Data for the task:
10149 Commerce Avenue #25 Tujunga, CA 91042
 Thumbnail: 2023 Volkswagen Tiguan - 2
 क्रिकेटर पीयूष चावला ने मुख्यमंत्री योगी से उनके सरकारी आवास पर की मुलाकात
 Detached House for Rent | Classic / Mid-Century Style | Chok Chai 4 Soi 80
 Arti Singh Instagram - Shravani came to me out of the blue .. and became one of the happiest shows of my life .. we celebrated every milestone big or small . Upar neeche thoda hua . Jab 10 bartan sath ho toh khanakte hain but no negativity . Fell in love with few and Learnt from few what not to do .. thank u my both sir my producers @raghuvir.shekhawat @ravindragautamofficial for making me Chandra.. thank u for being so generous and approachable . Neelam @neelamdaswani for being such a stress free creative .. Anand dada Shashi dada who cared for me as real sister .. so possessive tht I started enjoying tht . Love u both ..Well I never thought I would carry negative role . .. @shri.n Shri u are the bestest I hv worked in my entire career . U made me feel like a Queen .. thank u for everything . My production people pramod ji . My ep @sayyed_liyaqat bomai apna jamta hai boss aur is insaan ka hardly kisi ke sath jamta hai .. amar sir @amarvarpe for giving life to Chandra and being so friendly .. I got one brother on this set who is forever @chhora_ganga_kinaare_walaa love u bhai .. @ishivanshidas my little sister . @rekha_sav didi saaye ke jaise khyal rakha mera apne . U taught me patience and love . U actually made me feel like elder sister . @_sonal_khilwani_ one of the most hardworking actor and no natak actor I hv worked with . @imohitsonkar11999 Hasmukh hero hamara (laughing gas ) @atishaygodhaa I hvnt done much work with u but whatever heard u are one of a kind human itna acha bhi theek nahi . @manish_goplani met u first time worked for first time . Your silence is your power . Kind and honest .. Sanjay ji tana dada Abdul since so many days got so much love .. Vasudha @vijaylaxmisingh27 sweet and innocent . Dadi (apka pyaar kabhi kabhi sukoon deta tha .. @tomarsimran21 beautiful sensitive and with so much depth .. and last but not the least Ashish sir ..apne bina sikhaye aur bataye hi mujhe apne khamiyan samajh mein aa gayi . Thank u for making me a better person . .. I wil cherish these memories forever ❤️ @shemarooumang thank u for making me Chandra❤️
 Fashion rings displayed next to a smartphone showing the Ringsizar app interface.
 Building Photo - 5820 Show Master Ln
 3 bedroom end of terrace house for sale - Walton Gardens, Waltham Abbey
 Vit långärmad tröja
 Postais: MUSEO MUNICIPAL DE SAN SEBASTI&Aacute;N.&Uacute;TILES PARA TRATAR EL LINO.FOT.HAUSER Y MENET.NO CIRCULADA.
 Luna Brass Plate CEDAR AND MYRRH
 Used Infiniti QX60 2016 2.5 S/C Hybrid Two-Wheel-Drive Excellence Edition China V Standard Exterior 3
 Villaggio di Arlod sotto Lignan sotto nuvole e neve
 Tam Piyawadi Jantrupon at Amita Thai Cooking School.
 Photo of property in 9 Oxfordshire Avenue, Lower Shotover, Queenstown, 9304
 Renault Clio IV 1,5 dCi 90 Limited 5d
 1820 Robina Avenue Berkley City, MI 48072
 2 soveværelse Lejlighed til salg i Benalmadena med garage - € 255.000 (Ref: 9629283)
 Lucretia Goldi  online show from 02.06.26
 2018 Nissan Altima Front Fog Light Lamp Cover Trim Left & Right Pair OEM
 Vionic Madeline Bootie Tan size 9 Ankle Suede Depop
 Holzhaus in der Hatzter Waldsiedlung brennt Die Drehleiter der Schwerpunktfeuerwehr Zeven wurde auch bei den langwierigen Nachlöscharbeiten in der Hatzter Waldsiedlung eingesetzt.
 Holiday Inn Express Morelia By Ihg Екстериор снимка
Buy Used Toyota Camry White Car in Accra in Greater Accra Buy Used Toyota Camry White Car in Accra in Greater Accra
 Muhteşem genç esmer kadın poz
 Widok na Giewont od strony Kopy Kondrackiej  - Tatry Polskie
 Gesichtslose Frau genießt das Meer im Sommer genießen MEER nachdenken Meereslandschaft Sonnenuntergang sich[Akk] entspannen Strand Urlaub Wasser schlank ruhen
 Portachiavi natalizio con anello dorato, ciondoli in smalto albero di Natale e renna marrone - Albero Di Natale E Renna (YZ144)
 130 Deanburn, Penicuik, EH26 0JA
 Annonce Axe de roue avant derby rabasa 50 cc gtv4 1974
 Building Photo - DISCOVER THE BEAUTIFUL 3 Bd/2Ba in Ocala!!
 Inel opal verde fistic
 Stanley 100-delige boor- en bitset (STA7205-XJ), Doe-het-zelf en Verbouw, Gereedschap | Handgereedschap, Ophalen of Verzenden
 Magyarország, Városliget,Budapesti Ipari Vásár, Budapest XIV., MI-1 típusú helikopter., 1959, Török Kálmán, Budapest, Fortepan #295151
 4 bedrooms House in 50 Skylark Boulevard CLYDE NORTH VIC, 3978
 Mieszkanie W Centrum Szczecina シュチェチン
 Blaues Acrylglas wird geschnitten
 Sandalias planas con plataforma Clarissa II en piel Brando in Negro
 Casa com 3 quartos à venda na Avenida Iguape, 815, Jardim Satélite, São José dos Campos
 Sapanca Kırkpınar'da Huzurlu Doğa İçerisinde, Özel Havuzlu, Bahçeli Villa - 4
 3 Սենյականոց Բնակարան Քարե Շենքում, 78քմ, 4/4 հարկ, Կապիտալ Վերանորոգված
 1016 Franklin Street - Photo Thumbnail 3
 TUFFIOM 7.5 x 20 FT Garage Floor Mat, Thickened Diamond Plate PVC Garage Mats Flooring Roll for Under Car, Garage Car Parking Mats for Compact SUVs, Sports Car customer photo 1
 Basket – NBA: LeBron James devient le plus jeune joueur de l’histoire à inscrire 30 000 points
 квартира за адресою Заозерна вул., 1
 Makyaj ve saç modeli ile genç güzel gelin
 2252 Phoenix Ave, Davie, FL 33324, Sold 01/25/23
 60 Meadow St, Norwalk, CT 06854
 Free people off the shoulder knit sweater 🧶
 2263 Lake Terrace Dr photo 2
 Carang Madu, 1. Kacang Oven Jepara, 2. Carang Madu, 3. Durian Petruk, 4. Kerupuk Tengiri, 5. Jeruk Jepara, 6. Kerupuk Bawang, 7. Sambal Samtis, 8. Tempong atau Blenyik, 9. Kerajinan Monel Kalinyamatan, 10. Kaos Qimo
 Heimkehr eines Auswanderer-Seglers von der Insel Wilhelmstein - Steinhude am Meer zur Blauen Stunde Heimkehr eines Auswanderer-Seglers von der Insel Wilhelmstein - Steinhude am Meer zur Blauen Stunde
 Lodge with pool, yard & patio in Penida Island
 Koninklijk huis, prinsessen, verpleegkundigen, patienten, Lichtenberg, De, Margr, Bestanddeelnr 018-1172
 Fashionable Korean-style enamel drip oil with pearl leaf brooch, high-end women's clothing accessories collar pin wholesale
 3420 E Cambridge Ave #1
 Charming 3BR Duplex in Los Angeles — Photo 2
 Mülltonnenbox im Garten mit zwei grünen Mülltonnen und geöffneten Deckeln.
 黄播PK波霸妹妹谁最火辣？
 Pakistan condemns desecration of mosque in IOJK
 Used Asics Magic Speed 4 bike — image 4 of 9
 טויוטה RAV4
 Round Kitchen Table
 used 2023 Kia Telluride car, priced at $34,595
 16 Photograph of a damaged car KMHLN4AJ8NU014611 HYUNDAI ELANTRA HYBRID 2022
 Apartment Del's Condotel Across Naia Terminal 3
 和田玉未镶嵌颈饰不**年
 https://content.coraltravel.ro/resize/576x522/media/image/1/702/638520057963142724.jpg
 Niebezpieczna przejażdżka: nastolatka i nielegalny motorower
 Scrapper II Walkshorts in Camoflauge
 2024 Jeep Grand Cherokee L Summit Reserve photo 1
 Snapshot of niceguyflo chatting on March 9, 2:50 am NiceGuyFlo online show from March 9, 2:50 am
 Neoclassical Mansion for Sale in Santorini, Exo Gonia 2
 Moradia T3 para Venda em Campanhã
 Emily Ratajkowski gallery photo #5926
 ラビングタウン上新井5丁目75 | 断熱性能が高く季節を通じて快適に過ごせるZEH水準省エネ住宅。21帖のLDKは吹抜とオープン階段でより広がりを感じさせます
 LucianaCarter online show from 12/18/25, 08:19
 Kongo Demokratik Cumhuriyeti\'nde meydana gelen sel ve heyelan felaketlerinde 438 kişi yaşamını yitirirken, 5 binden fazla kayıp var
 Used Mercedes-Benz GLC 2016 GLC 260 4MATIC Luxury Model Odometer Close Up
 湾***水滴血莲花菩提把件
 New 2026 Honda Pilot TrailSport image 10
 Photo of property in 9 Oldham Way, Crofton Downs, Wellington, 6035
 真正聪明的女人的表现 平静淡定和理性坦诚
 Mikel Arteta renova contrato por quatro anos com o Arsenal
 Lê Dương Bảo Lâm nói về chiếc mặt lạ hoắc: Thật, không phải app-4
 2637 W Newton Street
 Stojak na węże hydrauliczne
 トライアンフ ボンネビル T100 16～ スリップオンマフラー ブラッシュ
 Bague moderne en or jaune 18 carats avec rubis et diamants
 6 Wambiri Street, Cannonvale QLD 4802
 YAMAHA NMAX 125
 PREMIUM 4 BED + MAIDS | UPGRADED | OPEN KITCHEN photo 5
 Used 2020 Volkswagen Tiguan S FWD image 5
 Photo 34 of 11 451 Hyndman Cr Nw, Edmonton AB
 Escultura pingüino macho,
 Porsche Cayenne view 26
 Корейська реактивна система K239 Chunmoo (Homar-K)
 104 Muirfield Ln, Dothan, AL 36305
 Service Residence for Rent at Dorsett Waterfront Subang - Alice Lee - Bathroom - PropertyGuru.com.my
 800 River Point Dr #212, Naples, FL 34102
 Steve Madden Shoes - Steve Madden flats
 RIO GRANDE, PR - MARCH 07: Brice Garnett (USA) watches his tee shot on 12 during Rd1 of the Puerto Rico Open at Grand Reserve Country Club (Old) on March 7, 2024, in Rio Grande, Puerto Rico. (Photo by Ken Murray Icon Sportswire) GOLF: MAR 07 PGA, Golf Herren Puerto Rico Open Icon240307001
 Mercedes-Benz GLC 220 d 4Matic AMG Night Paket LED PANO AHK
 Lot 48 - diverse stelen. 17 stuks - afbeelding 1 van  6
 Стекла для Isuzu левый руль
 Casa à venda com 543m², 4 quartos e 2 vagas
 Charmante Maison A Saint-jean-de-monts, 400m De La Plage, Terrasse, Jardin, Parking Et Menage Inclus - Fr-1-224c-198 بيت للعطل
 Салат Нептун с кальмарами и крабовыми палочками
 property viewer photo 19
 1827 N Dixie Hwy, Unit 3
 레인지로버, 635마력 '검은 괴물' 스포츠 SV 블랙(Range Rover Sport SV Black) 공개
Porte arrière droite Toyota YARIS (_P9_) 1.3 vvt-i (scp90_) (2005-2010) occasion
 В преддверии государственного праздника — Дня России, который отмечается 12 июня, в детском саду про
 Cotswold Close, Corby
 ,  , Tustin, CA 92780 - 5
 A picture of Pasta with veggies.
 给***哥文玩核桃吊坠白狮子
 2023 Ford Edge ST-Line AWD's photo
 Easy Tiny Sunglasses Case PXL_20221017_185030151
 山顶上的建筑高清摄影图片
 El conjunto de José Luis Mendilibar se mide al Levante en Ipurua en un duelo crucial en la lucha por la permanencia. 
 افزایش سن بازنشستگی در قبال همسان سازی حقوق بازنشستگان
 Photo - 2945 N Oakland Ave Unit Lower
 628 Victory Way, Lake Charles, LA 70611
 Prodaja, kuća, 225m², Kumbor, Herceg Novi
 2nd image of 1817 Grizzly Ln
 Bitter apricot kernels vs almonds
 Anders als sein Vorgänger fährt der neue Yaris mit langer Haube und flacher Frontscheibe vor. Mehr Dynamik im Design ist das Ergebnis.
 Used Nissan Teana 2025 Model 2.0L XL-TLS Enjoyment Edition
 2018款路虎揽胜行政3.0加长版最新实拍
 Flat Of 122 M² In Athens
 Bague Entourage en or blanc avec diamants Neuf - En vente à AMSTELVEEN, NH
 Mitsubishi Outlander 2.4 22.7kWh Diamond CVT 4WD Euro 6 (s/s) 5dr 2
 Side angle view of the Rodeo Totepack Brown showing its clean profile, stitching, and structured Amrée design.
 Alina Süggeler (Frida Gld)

Work required:
Your output should be the listing's lines, exact and complete, from its first line to the line that contains "Detached House for", inclusive.

Solution to the problem:
10149 Commerce Avenue #25 Tujunga, CA 91042
 Thumbnail: 2023 Volkswagen Tiguan - 2
 क्रिकेटर पीयूष चावला ने मुख्यमंत्री योगी से उनके सरकारी आवास पर की मुलाकात
 Detached House for Rent | Classic / Mid-Century Style | Chok Chai 4 Soi 80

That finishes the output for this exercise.